You’re not the only one outraged by how “Dancing with the Stars” Season 27 shook out. Season 19 champ Alfonso Ribeiro is just as dismayed and is calling for an overhaul to the voting system that saw Juan Pablo Di Pace leave in the semifinal and Bobby Bones pull off the biggest upset in the show’s history.
“They’ve got to change the voting on the show. Personally, that’s just my opinion,” Ribeiro told Yahoo Entertainment. “It’s a shame because Juan Pablo Di Pace was by far the best dancer, the best celebrity, on the show this season. And he goes home in the semifinals. Perfect 10s. He’s gotten more 10s than anybody else on the show and he goes home. There’s something wrong with the show when that happens.”
Di Pace and Cheryl Burke were axed in the double elimination in the semifinal, along with Joe “Grocery Store Joe” Amabile and Jenna Johnson, despite nabbing two perfect scores that night — their fourth and fifth of the season. Bones, the self-professed worst dancer of the season (Grocery Store Joe says “hold my beer”), made up a 15-point deficit on Di Pace through fan votes to make the final, where his massive fan base came through again to overcome this low scores to give him and Sharna Burgess the Mirrorball trophy.
SEE 6 ways to fix ‘Dancing with the Stars’ before it’s too late
The scoring system as is gives 50-50 weight to scores and fan votes, and Ribeiro, who currently hosts “America’s Funniest Home Videos,” understands the even split. “I get the reasons why they do it the way they do it,” he says. “I was part of it, I get it. [But] there’s a time where you gotta go, ‘OK, the best dancer shouldn’t go home.’ They gotta get it right.”

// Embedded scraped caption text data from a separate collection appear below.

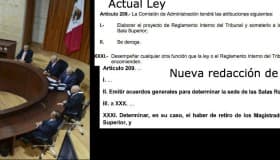 Lo que faltaba: pensión vitalicia a magistrados del Tribunal Electoral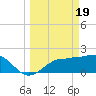 Gandy Bridge tide chart for Tuesday, March 19, 2024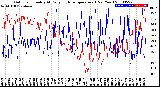 Milwaukee Weather Outdoor Humidity<br>At Daily High<br>Temperature<br>(Past Year)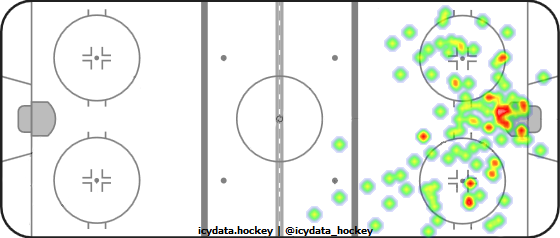 Shot Heat Map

While “Dancing” has had shocking eliminations of Di Pace’s or Tinashe‘s caliber before, there were none on Season 19, where Ribeiro and his partner Witney Carson were the frontrunners from the start, topping the leaderboard six times and earning five perfect scores. But that was in 2014, when “Dancing” had a larger viewership than it does now; a smaller audience means fewer people voting. The erstwhile Carlton also believes many viewers get complacent with the top contenders, so they back the underdog.
“I think what ends up happening is a lot of people think, ‘Oh, I don’t need to vote for them because they’re so good they’re automatically gonna be there. I just want to continue seeing this person,'” Ribeiro says. “And that person who has no business being in the finals ends up in the finals. You hurt your own show by doing it.”
His suggestion? Borrow a tactic that works “way better than what we do” from the U.K.’s “Strictly Come Dancing,” where he served as guest judge last month. The BBC series has the bottom two couples perform again, and the judges ultimately decide who goes home. “It eliminates the best dancer, the best person on the show, [from] going home early because they’re not a fan favorite,” Ribeiro notes. “They’ve got to change the voting on the show.”